======== Records shown ========

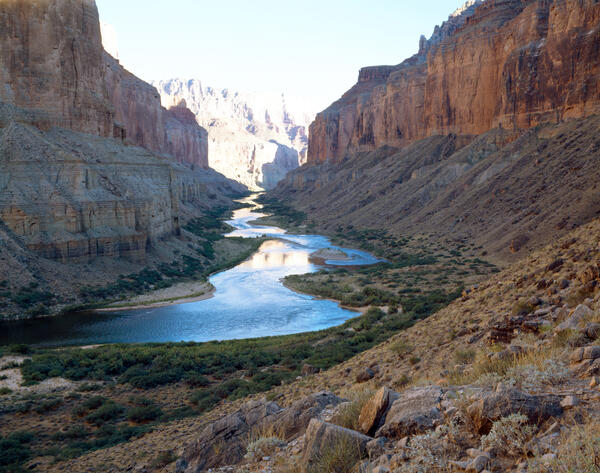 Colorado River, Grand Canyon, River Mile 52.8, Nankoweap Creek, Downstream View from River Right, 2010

========
======== Records shown ========

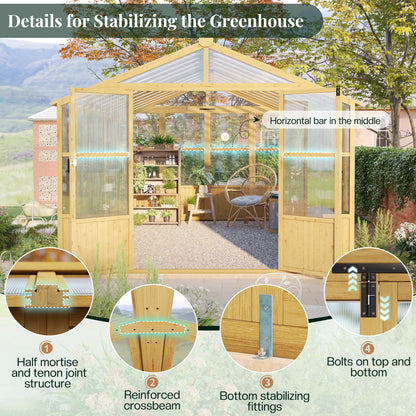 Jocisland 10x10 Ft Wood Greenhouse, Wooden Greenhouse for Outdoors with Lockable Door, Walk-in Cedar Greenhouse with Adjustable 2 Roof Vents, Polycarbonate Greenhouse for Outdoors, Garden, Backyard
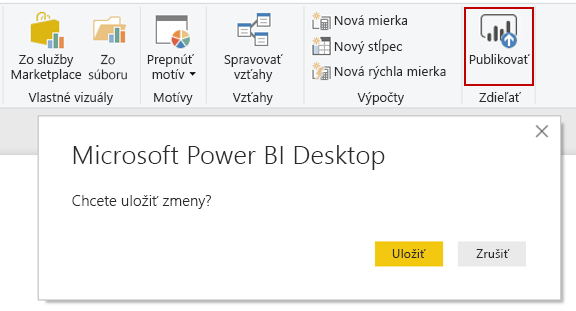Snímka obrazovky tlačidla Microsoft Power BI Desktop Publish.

========

Exercise »
All that is wanted is the lines above between the one containing "Jocisland 10x10 Ft" and the one containing "Snímka obrazovky tlačidla", inclusive, restated word for word, with pictures omitted.

Solution to the problem »
 Jocisland 10x10 Ft Wood Greenhouse, Wooden Greenhouse for Outdoors with Lockable Door, Walk-in Cedar Greenhouse with Adjustable 2 Roof Vents, Polycarbonate Greenhouse for Outdoors, Garden, Backyard
Snímka obrazovky tlačidla Microsoft Power BI Desktop Publish.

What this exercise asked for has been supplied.